INFORMATION SHOWN ::
-.-.-

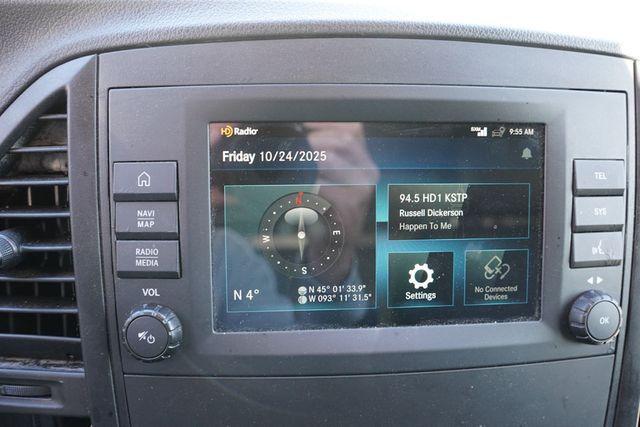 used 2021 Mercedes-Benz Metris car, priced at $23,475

-.-.-

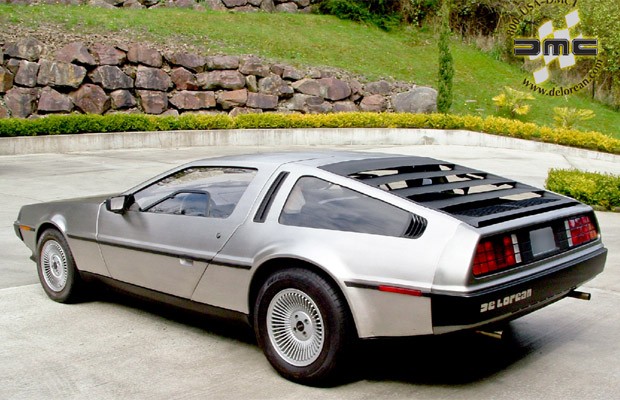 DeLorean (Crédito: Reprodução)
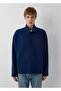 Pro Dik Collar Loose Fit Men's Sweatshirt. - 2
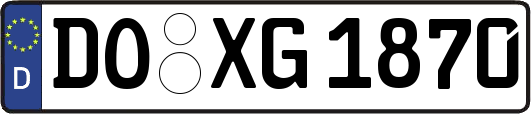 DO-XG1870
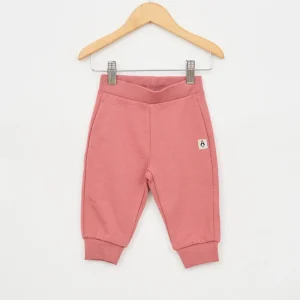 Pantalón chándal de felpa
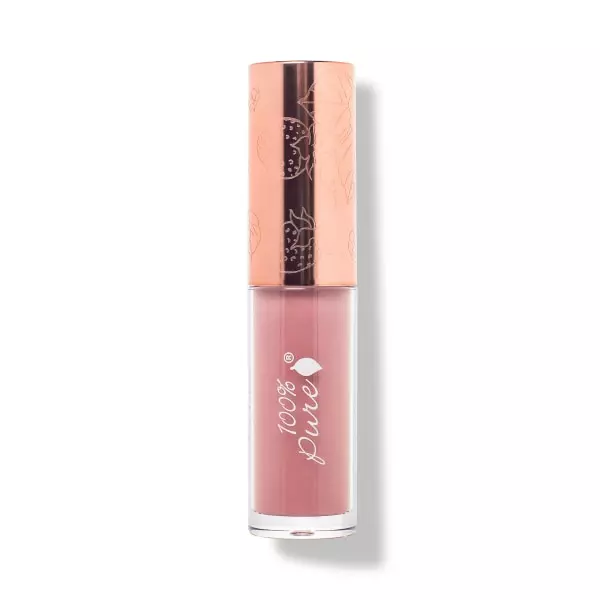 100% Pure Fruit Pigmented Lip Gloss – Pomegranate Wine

-.-.-

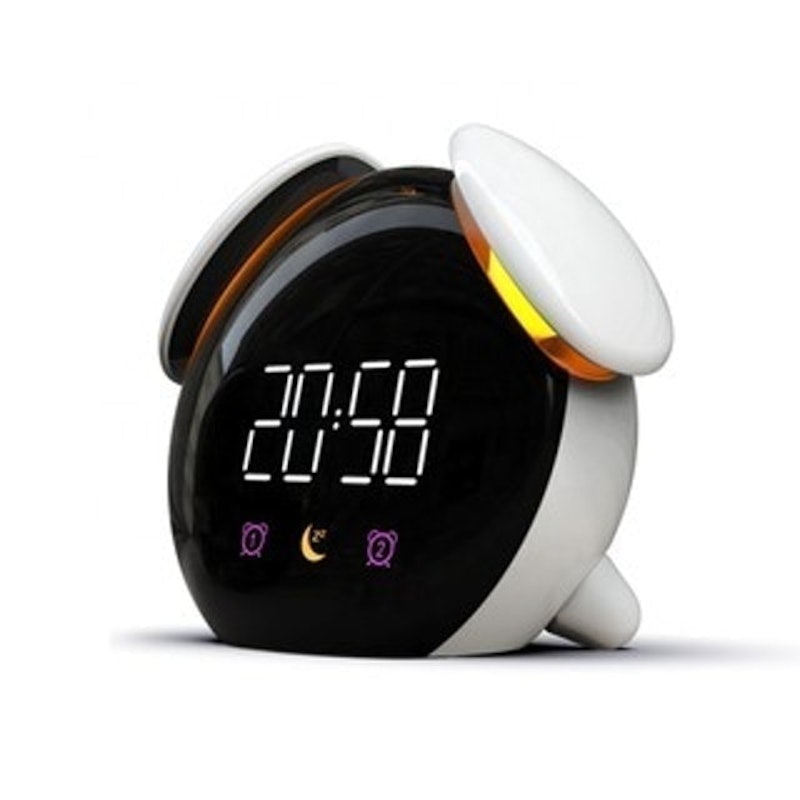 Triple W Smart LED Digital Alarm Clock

-.-.-

THE TASK :: From the records above, copy only the lines running from the line containing "Pantalón chándal de felpa" to the line containing "100% Pure Fruit", both ends included. Leave the pictures out.

RESULT OF THE TASK ::
 Pantalón chándal de felpa
 100% Pure Fruit Pigmented Lip Gloss – Pomegranate Wine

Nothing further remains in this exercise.